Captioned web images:

=-=-=

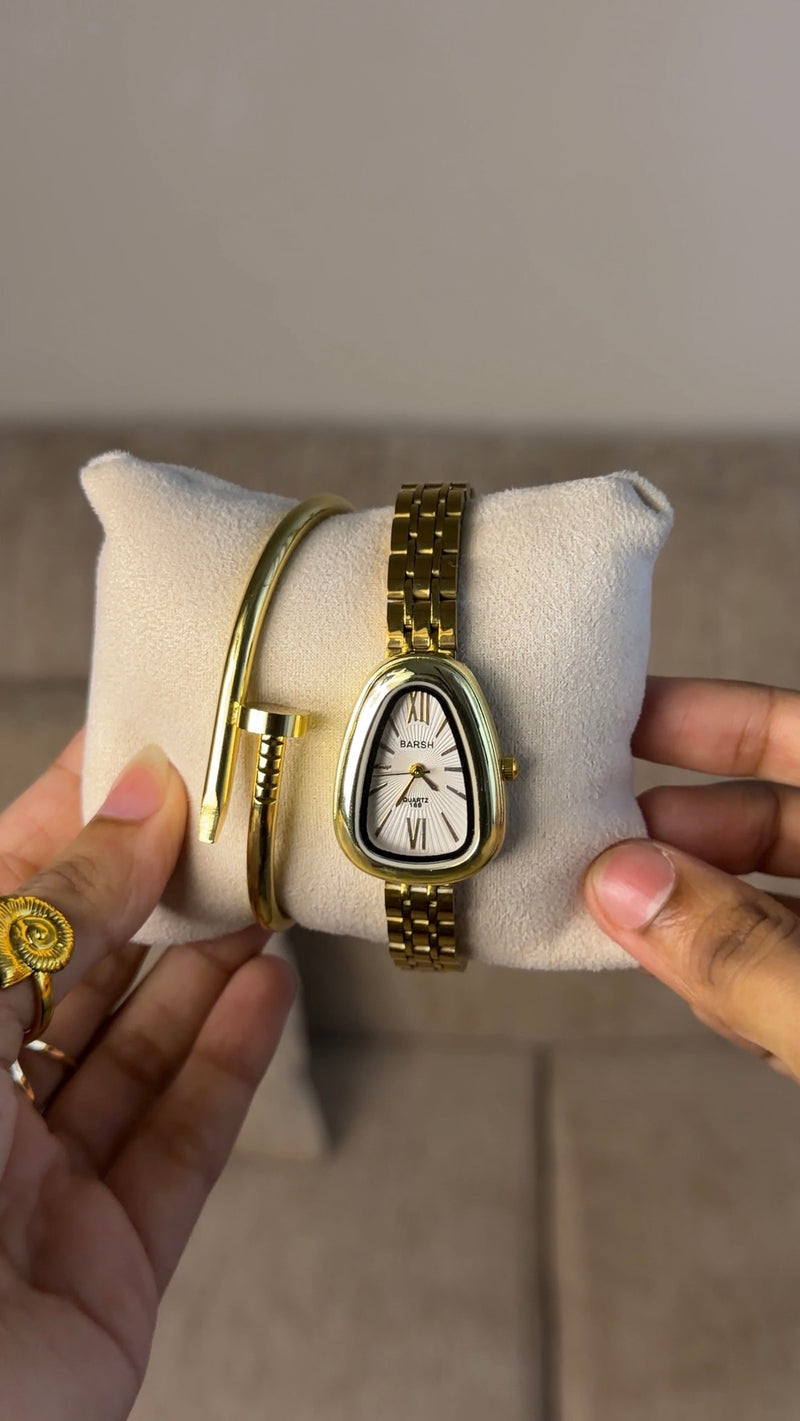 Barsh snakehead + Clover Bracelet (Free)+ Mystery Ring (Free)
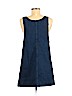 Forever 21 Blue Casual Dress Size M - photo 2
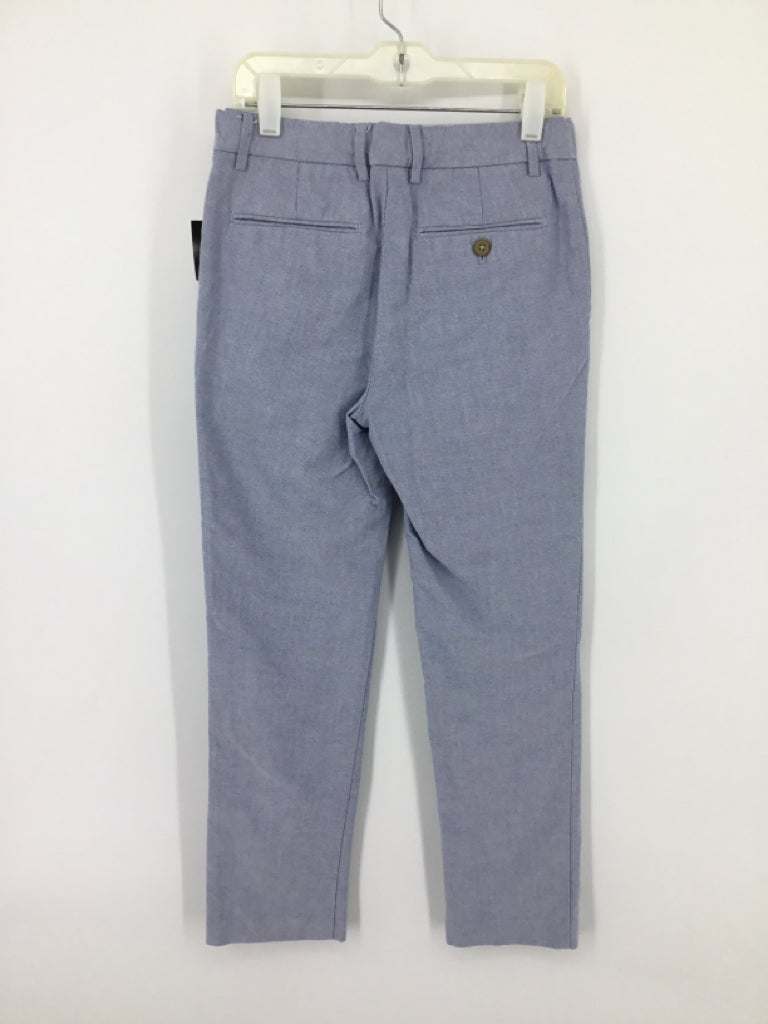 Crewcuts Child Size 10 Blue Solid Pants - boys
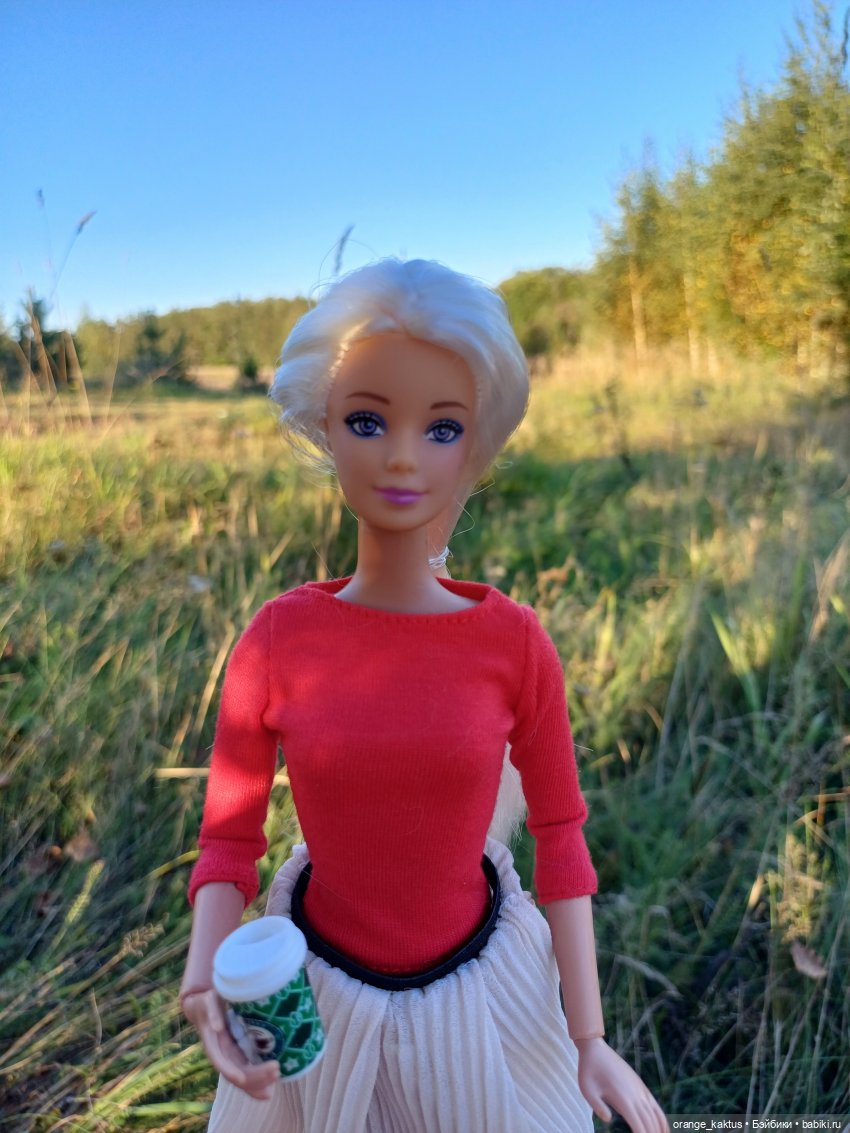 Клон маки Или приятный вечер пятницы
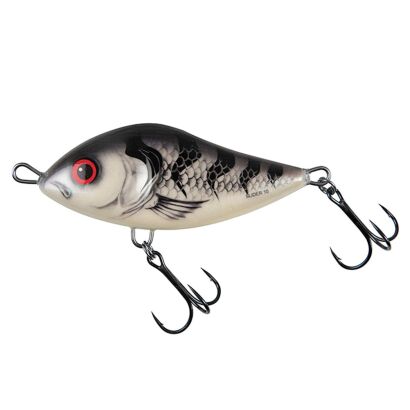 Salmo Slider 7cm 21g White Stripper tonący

=-=-=

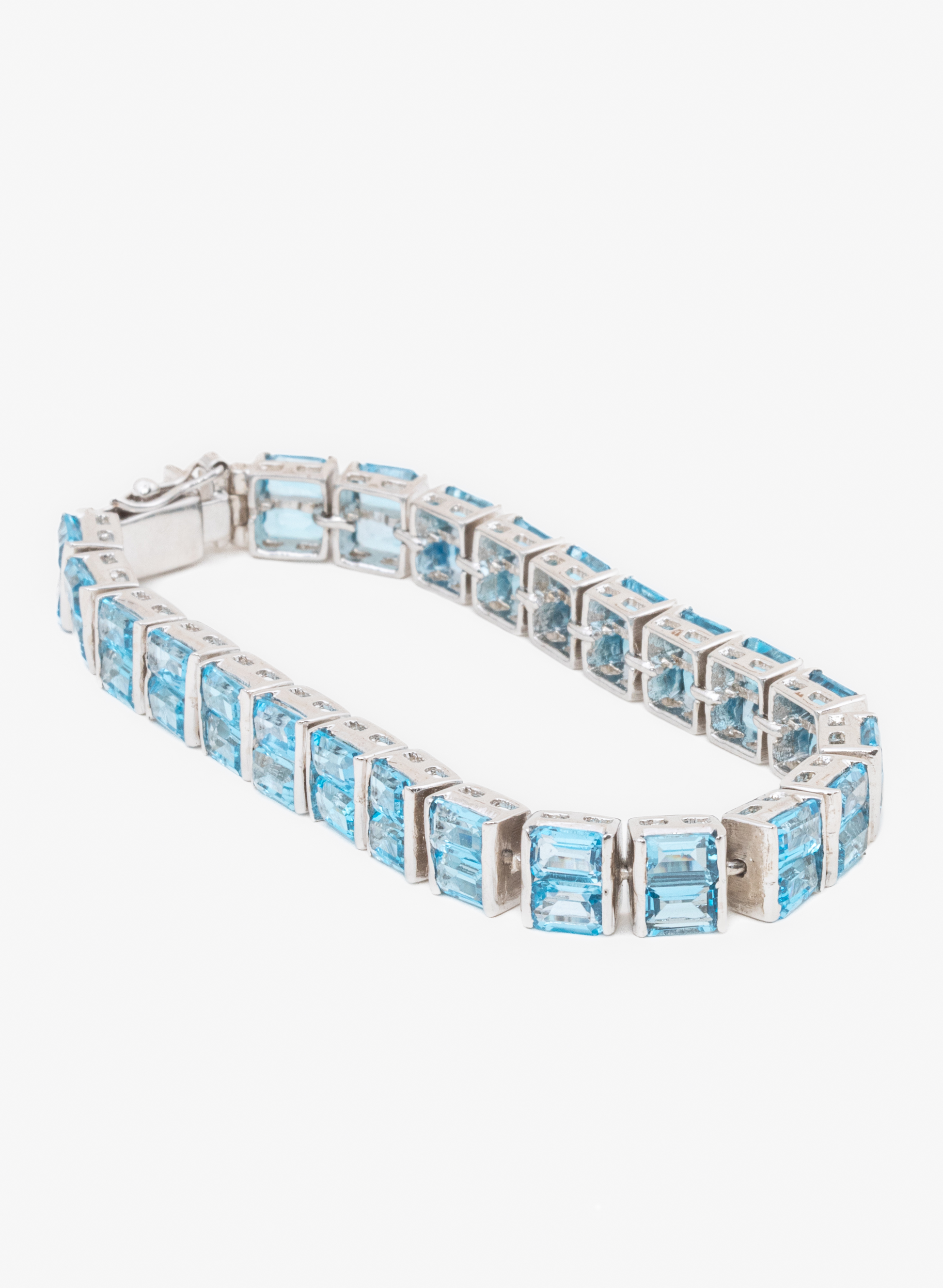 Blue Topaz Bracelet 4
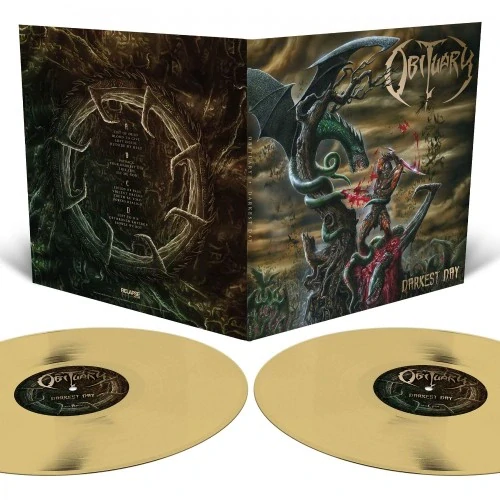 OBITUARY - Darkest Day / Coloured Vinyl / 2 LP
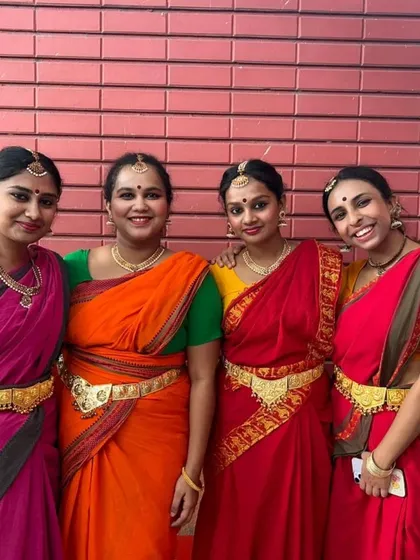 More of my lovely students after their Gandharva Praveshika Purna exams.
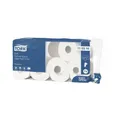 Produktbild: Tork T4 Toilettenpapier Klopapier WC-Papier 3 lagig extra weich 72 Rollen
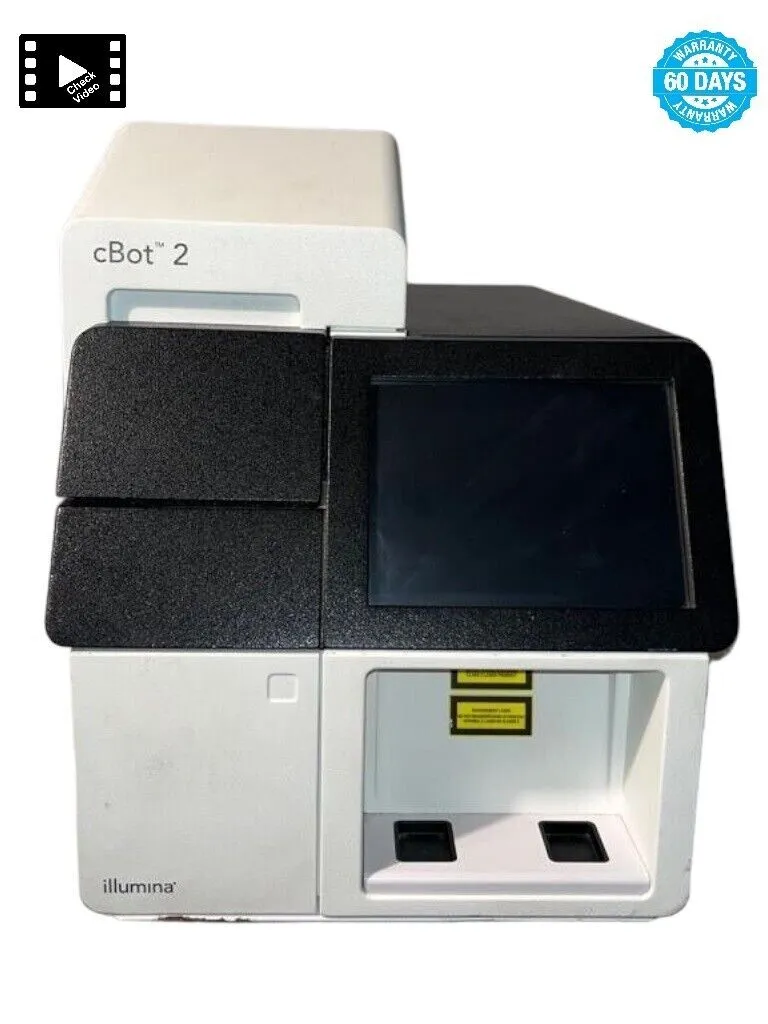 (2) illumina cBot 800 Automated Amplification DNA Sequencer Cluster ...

=-=-=

Your task:
From the line containing "Barsh snakehead +" through the line containing "Salmo Slider 7cm 21g White Stripper tonący", copy every line above exactly, without pictures.

Exercise result:
 Barsh snakehead + Clover Bracelet (Free)+ Mystery Ring (Free)
 Forever 21 Blue Casual Dress Size M - photo 2
 Crewcuts Child Size 10 Blue Solid Pants - boys
 Клон маки Или приятный вечер пятницы
 Salmo Slider 7cm 21g White Stripper tonący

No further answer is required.